“Legends, you mean,” said her brother. “Yes, I remember papa telling us some very queer ones he had heard in India.”
“And he said there were fairy stories in every country,” Alix went on. “So what I say is there must have been something to make them begin!”
This sounded very convincing to Rafe—Alix certainly had clever ways of putting things.
“Oh!” he said, with a deep sigh. “If we could but find some one old enough to remember the beginnings of them—something like the white lady, you know.”
Both children sat silent for a moment or two, their eyes gazing before them. Suddenly on the short green turf appeared a tiny figure, a wren, so tame that she hopped fearlessly to within a very short distance of the little brother and sister, and then, standing still, seemed to look up at them with her bright eyes, her small head cocked knowingly on one side.

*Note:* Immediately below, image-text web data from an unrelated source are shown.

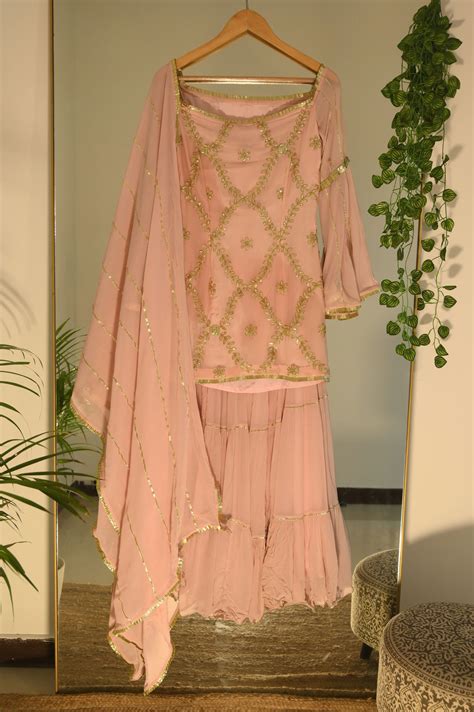 pink gota patti kurta sharara – Stage3
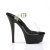 Pleaser Sandali KISS-208 Trasparente Nero EU-35 / US-5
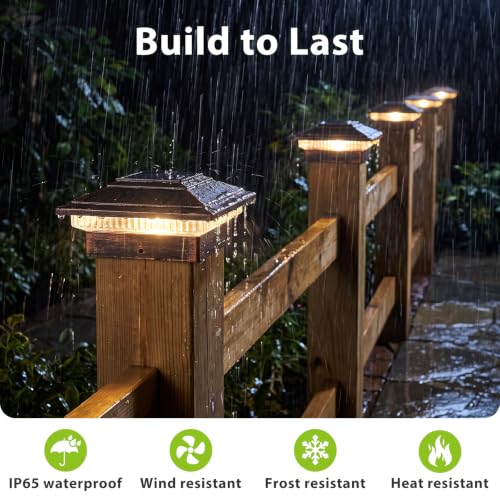 Solar Post Cap Lights 4pack (6 Count)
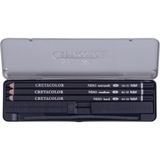 Cretacolor Nero Deep Black Pocket Set Karakalem Eskiz Çizim Seti Metal Kutu 7 Parça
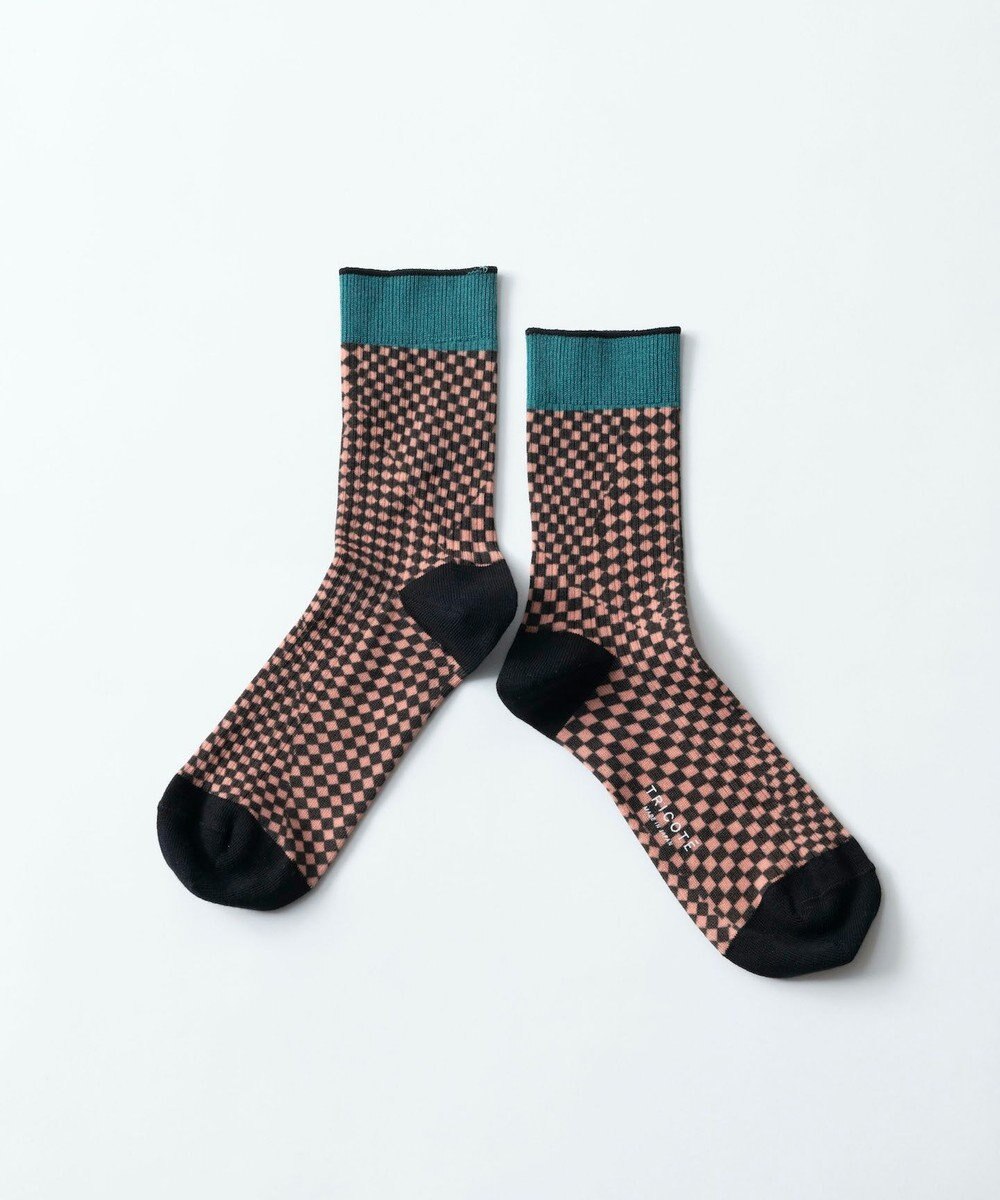 TRICOTE CHACKERD LINK SOCKS／チェッカードリンクソックス 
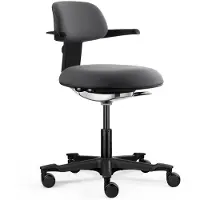 Hjh OFFICE Arbeitsstuhl WORK 40 Drehstuhl mit Armlehnen Stoff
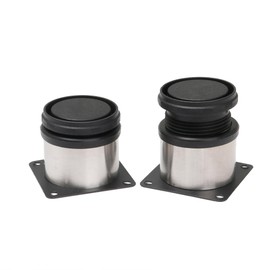 SHANOER 4Pcs Stainless Steel Furniture Feet Adjustable 50 x 50mm+2Pcs Zinc Alloy Multifunctional Threading Box Matte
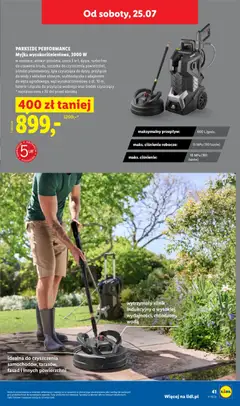Náhled letáku Lidl Polsko katalog od 20.07.2026 | Strana: 49 | Produkty: Parkside, Baterie
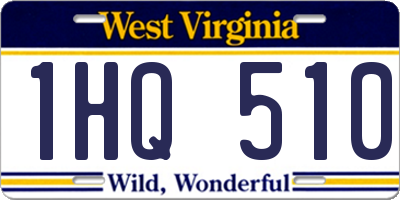 WV license plate 1HQ510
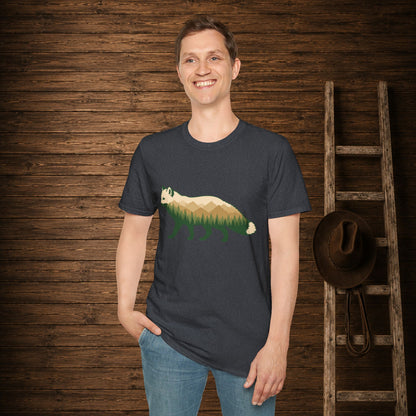 Wilderness Fox   Adult Size T-Shirt
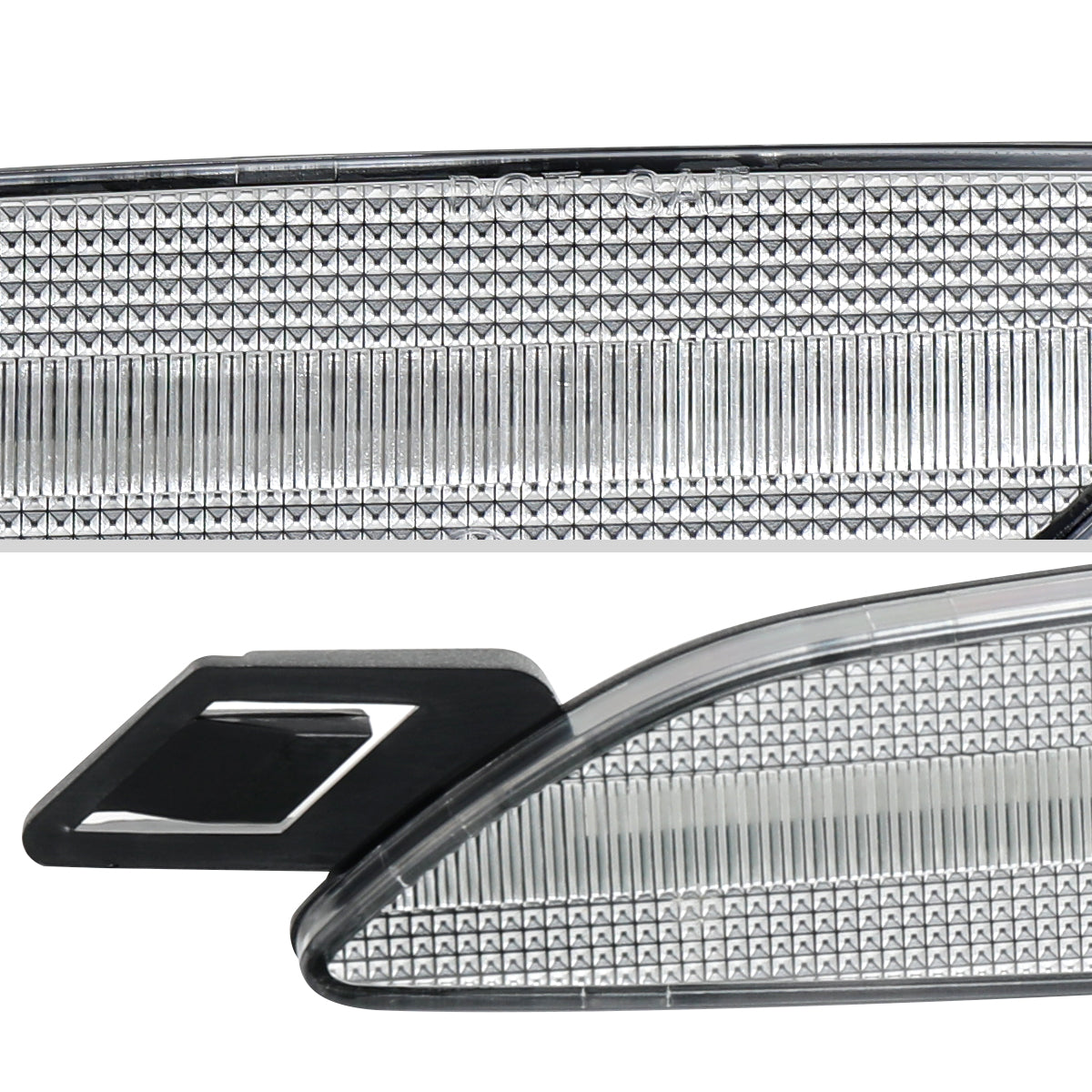 2015-2018 Porsche Cayenne 958 Front Bumper LED Side Marker Turn Signal Lights (Chrome Housing / Clear Lens)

“Rafe,” exclaimed Alix eagerly, though in a low voice.
“Alix,” said Rafe in his turn.
Then they looked at each other, thinking the same thoughts.
“Rafe,” whispered Alix, while the wren still stood there looking at them, “just look at her; she’s not a bird, she’s a fairy—or at least if she’s not a fairy she’s got some message for us from one.”
The wren hopped on a few steps, still looking back at them. The children slipped off the seat and moved softly after her without speaking. On she went, hopping, then fluttering just a little way above the ground, then hopping again, till in this way she had led them right across the wide stretch of lawn to some shrubberies at the far side. Here a small footpath, scarcely visible till you were close to it, led through the bushes to a strip of half-wild garden ground, used as a sort of nursery for young trees, which skirted a lane known by the name of the “Ladywood Path.” And indeed it was little more than a path nowadays, for few passed that way, though the story went that in the old days it had been a good road leading to a house that was no longer in existence.